LVMH retained investment bank Evercore in October 2025 to explore a sale of its Fenty Beauty stake. The brand generated net sales of approximately $450 million in 2024 and is currently valued at between $1 billion and $2 billion, a significant decline from the $2.8 billion valuation Forbes attributed to it in 2021. The reduction reflects a more competitive prestige makeup landscape and the challenges of sustaining the exceptional growth Fenty achieved in its founding years.

The MarcyPen pursuit is not built from scratch. Jay-Z's firm has existing ties to Rihanna's business ecosystem. Marcy Venture Partners, MarcyPen's predecessor, participated in funding rounds for Savage X Fenty, Rihanna's lingerie brand, in both 2019 and 2022. The firms know each other. The relationships are established. That context makes MarcyPen a strategically coherent buyer in a way that a purely financial acquirer would not be.

MarcyPen was formed in 2024 through the merger of Marcy Venture Partners and Pendulum Opportunities, the investment arm of Pendulum Holdings. The combined entity manages approximately $1.1 billion in assets. Its portfolio includes makeup brand Merit Beauty, period care and skin care brand Rael, and a $500 million Korea-focused fund launched in partnership with South Korean firm Hanwha Asset Management.
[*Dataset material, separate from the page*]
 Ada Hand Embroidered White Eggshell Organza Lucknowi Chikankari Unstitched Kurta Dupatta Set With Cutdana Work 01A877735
Earlier in 2026, MarcyPen participated in a $500 million Series E financing for Quince, signalling an appetite for deals well above its historical check size of $5 million to $15 million.

One source described MarcyPen's long-term ambition as building toward the scale and model of TSG Consumer Partners, the consumer-focused private equity firm managing $14 billion in assets with investments across Summer Fridays, Phlur and Dude Wipes. Fenty Beauty, with its global brand recognition and Rihanna's cultural authority behind it, would be the largest and most visible asset in that strategy.
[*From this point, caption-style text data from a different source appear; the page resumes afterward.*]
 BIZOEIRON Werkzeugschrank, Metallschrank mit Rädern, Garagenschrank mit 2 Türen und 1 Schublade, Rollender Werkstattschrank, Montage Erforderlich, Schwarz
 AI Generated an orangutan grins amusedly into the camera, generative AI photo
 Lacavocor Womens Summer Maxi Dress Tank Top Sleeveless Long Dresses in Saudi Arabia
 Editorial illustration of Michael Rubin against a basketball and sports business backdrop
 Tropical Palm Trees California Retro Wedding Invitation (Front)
Rihanna retains her 50 percent stake and would continue leading the brand regardless of who acquires LVMH's half. The question the sale process is designed to answer is not whether she remains in control, but who brings the most useful combination of capital, network and strategic alignment alongside her.

Fenty Beauty disrupted the cosmetics industry when it launched in September 2017 with 40 foundation shades, a range that directly challenged the industry's historic underserving of dark-skinned customers. The brand's commercial success contributed significantly to Forbes declaring Rihanna a billionaire in 2021, at which point it cited her Fenty Beauty stake as the primary driver of her $1.4 billion net worth. Her net worth has since been estimated at approximately $1.4 billion, with Fenty Beauty and Savage X Fenty accounting for the majority of that figure.

LVMH's move to exit the Fenty Beauty stake reflects the broader pressures on the French luxury group. Its first quarter 2026 revenue fell 6 percent year on year to €19.1 billion as consumer spending softened in China and the United States. Bernard Arnault has signalled a strategic focus on concentrating resources around LVMH's crown jewel brands, including Louis Vuitton, Dior and Bulgari, while exploring exits from assets that sit outside that core.

MarcyPen declined to comment on the discussions. LVMH did not respond to requests for comment.